- Born: 15 August 1982 (age 43) Milan, Italy
- Other names: "Little Devil"
- Nationality: Italian
- Height: 1.58 m (5 ft 2 in)
- Weight: 48 kg (106 lb; 7 st 8 lb)
- Division: Mini Flyweight Flyweight Super Flyweight
- Style: Kickboxing Muay Thai Savate
- Fighting out of: Milan, Italy
- Team: Thunder Gym
- Trainer: Giorgio Castoldi Christian Brenna
- Years active: 2002 - present

Kickboxing record
- Total: 106
- Wins: 87
- Losses: 15
- Draws: 4
- No contests: 0

Other information
- Website: https://www.silvialanotte.com/
- Boxing record from BoxRec
- Medal record
Women's Kickboxing
Representing Italy
W.A.K.O. World Amateur Championships
| Gold medal – first place | 2009 (Lignano) | Bantamweight |

= Silvia La Notte =

Italian kickboxer

Silvia La Notte (born 15 August 1982) is an Italian kickboxer and Nak Muay, who has been professionally competing since 2002. She is the reigning WAKO World K1 Super Flyweight champion.

She is the former ISKA World Muay Thai Atomweight champion and the former WKN European Champion, as well as the 2008 and 2009 J GIRLS World Queen Tournament winner. She is the FIS Savate 2003 and 2009 World Champion and the 2008 European Champion.

At an amateur level, she is the 2009 WAKO Bantamweight gold medalist. and the European Union Amateur Boxing Championships 2007 Bronze medalist at 48 kg.

==Martial arts career==
Silvia La Notte made her martial arts debut in 2002. During the first part of her career she fought mainly in Europe, and notably won the European and World Savate championships.
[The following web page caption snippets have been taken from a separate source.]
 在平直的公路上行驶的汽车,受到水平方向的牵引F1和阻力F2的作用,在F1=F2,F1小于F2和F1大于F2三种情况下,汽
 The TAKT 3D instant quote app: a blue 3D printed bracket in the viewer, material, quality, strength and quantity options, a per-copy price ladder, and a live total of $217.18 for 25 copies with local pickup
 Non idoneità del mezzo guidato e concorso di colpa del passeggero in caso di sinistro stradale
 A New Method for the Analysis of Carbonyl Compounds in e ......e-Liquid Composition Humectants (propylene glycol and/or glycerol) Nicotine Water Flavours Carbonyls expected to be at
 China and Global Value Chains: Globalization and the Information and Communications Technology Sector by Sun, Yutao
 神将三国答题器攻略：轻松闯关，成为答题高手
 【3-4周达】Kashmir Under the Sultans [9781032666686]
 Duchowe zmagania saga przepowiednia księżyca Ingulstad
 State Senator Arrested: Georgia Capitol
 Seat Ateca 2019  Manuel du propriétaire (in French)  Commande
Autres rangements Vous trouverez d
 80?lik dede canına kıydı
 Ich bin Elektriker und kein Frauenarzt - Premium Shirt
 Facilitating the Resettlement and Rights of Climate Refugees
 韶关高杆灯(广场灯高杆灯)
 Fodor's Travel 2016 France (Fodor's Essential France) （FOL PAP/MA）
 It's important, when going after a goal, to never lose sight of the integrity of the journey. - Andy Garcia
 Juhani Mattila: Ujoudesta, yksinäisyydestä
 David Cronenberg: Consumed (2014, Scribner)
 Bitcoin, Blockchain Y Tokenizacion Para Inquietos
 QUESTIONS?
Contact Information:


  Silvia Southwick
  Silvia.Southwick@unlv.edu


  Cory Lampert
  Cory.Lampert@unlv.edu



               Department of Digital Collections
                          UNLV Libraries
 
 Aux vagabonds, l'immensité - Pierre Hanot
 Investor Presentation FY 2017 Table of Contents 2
In 2008 she participated in the 2008 J GIRLS World Queen Tournament. In the semi-finals, she defeated Shoko Ayashida. In the finals she won a split decision over Graycer Aki.

In March 2009 she fought Linda Ooms for the WAKO World K1 Super Flyweight title. La Notte won a unanimous decision.

La Notte entered the 2009 edition of the J GIRLS World Queen Tournament. She won decisions over Graycer Aki in the quarter-finals, Ho Seongbok in the semi-finals and Motoe Abe in the finals, to once again win the tournament.

She faced Maribel De Souza for the WKN European title. La Notte won a unanimous decision.

In her next fight, La Notte faced Ozge San, for her first WAKO title defense. La Notte won the fight by knockout.

After going 9-4 in her next thirteen fights, La Notte faced Ruqsana Begum for the ISKA World Muay Thai Atomweight Championship. La Notte won the fight by TKO.

La Notte went 12-3-1 in her next 17 fights, with a single no contest due to an accidental headbutt. She then faced Monika Chochlíková for her second WAKO title defense. La Notte won a unanimous decision.

Her third title defense came in 2018, against Ludivine Lasnier. La Notte won a unanimous decision.

In 2019 La Notte fought a rematch with Amy Pirnie for the Enfusion 50 kg title. Pirnie won a unanimous decision.

La Notte faced Luisa Burgos at MASL on October 16, 2021, in her first fight in two years. She won the fight by unanimous decision.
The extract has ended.